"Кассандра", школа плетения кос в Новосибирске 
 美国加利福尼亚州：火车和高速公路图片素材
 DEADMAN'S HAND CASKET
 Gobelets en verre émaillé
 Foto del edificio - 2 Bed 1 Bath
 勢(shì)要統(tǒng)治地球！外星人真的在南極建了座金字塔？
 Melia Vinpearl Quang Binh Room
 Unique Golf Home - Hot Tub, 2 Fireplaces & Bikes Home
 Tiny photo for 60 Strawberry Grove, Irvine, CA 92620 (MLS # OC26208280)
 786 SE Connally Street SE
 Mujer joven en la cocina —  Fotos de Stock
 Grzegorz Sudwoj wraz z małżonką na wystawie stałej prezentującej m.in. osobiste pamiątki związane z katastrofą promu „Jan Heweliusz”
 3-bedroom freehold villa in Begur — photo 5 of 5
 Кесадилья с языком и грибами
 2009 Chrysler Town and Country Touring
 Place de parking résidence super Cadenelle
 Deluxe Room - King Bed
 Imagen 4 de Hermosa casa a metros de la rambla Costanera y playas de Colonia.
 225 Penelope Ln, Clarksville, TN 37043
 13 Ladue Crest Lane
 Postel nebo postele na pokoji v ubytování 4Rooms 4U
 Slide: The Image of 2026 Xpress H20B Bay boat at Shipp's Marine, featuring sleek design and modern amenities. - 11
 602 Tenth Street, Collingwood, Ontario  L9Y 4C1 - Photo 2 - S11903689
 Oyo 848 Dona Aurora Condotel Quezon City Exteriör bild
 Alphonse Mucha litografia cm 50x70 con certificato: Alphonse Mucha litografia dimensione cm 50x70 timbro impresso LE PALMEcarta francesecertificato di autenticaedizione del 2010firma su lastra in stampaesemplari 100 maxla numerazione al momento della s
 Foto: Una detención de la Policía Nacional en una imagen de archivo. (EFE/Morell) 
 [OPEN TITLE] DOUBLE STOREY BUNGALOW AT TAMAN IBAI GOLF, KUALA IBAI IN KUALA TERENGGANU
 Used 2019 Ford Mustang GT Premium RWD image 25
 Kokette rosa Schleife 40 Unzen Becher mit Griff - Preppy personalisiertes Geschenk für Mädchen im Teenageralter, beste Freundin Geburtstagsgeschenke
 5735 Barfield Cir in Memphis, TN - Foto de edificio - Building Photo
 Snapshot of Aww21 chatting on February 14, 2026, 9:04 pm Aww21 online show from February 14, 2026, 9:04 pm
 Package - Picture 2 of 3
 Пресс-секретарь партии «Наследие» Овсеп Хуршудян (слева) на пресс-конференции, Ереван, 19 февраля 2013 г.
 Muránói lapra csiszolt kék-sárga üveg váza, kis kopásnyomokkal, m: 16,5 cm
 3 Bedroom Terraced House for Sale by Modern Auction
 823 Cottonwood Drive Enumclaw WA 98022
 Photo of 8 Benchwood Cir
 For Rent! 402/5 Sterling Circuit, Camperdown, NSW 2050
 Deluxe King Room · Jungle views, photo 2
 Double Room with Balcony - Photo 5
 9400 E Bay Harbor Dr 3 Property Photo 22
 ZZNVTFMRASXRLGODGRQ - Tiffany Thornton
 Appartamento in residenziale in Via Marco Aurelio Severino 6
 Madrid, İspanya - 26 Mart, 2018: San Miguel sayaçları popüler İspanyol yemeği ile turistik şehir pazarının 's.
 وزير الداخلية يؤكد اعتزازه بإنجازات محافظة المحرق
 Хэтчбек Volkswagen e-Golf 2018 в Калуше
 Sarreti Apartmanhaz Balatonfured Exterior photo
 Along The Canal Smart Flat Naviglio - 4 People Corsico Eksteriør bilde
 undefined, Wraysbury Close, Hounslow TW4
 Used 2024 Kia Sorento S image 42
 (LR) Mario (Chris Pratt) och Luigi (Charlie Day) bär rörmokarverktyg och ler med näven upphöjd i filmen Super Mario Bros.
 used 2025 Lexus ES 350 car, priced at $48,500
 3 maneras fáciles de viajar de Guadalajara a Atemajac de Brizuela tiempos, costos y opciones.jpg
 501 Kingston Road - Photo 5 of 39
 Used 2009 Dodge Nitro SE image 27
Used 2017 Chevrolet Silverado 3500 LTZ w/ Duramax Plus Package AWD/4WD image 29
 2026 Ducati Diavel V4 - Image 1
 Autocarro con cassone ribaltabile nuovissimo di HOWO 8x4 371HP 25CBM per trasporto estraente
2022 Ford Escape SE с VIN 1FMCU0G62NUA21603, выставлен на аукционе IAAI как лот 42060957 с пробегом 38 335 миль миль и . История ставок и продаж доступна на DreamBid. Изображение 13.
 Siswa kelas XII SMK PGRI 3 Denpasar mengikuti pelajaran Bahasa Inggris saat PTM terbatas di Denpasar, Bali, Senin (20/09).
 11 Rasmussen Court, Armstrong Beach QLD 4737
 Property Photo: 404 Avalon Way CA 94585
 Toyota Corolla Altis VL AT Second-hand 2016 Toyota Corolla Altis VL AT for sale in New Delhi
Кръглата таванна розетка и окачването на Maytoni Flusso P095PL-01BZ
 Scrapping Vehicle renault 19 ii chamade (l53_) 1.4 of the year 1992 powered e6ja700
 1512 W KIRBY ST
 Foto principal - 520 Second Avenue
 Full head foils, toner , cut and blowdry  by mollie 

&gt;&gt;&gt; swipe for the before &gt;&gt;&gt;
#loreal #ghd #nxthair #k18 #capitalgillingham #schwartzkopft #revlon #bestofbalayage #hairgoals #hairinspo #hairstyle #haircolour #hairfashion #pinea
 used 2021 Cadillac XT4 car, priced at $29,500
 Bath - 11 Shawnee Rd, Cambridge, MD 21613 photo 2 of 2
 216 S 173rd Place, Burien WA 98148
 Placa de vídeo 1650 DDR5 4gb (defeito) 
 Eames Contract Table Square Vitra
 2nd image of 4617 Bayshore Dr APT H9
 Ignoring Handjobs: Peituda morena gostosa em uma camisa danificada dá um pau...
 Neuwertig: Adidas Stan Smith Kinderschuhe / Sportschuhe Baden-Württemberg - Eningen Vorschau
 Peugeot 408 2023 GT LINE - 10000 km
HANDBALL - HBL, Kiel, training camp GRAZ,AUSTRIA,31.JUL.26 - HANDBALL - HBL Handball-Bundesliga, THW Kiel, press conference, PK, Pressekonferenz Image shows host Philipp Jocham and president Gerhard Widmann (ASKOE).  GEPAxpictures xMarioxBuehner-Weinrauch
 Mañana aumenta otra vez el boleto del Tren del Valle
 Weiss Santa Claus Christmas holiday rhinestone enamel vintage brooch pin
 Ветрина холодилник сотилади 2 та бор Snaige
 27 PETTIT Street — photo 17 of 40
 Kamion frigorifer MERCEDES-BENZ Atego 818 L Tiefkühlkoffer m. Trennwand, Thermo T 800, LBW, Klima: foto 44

===============

From the listing above, return every line that carries the string "Bath".

=== Answer to the problem ===
 Foto del edificio - 2 Bed 1 Bath
 Bath - 11 Shawnee Rd, Cambridge, MD 21613 photo 2 of 2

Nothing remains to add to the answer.